Still, the Automotive Industry Might Be Getting Hit the Hardest
Autonomous and pure-electric vehicles are the way of the future — that is, if we can overcome the chip shortage. Without a doubt, the automotive industry has been hit incredibly hard by this global phenomenon. Since manufacturing has slowed in the wake of the chip shortage, big-name companies like Ford and General Motors have continued to lay off employees.
Other car-makers, like Nissan, have decided to forgo certain features; some recent Nissan vehicles have cut out built-in navigation systems, for example, while others have put less essential features, like blind-spot monitoring, on the chopping block.
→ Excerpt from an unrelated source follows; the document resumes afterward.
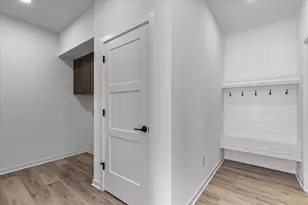 W251N2385 Valleyview Cir, Pewaukee, WI 53072 - Photo 25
But the issues extend beyond car manufacturers. With less new vehicles in sales lots and on showroom floors, drivers are eager to buy used and pre-owned cars. With travel halted for much of 2020, car rental companies, such as Hertz and Enterprise, tried to offset losses by selling off cars. Over the summer, this led travelers to think up creative solutions — U-Haul rentals, anyone? — when it came to getting around. Now, however, these same rental companies are struggling to restock their inventory and have resorted to purchasing used cars at auctions.
Will the Shortage Have Lasting Impacts?
The shortage has forced most countries to rethink manufacturing practices. Why depend on other countries if you can manufacture chips at home? That’s the logic the European Commission has played with, even hinting at setting up a chip-manufacturing company to boost self-reliance when it comes to producing essential tech. If successful, this endeavor would be backed by Intel — a company that’s already looking at setting up new chip manufacturing sites in Arizona. Needless to say, the landscape is certainly shifting.
Some of the world’s largest chip manufacturers are confident that they will be able to meet the demand by the end of 2021 or early 2022, but it’s more complicated than just ramping up production. There’s already a backlog of orders from tech giants and car manufacturers alike, so even if more chips are produced there are just so many orders to fill. And that takes time.
All of this to say, if you plan on buying some chip-reliant presents this holiday season, you might want to reevaluate. Of course, you might get lucky if you go shopping early on — before the holidays are on everyone’s radar. But, even so, the chip shortage, paired with high demands from fellow consumers, may leave you making some more low-tech purchases this December.